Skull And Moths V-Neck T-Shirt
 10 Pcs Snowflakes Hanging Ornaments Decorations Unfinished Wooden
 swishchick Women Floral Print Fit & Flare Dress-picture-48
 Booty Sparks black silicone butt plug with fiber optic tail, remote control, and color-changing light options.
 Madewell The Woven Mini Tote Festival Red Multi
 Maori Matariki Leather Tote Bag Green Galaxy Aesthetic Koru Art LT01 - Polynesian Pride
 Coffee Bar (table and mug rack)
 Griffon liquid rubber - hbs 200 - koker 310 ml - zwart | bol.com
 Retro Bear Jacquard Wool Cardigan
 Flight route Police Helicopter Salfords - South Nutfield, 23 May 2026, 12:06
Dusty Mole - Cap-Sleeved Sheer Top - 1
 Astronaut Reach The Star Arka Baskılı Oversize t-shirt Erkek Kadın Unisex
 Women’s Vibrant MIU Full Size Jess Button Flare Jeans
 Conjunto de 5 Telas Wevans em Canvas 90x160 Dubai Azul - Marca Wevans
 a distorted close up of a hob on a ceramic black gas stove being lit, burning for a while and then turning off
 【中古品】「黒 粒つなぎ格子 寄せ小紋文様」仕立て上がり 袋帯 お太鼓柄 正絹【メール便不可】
----
**Your goal:**
What is needed is an exact copy of the lines from the one holding "Conjunto de 5" through the final line of the material.

**Solution to the exercise:**
 Conjunto de 5 Telas Wevans em Canvas 90x160 Dubai Azul - Marca Wevans
 a distorted close up of a hob on a ceramic black gas stove being lit, burning for a while and then turning off
 【中古品】「黒 粒つなぎ格子 寄せ小紋文様」仕立て上がり 袋帯 お太鼓柄 正絹【メール便不可】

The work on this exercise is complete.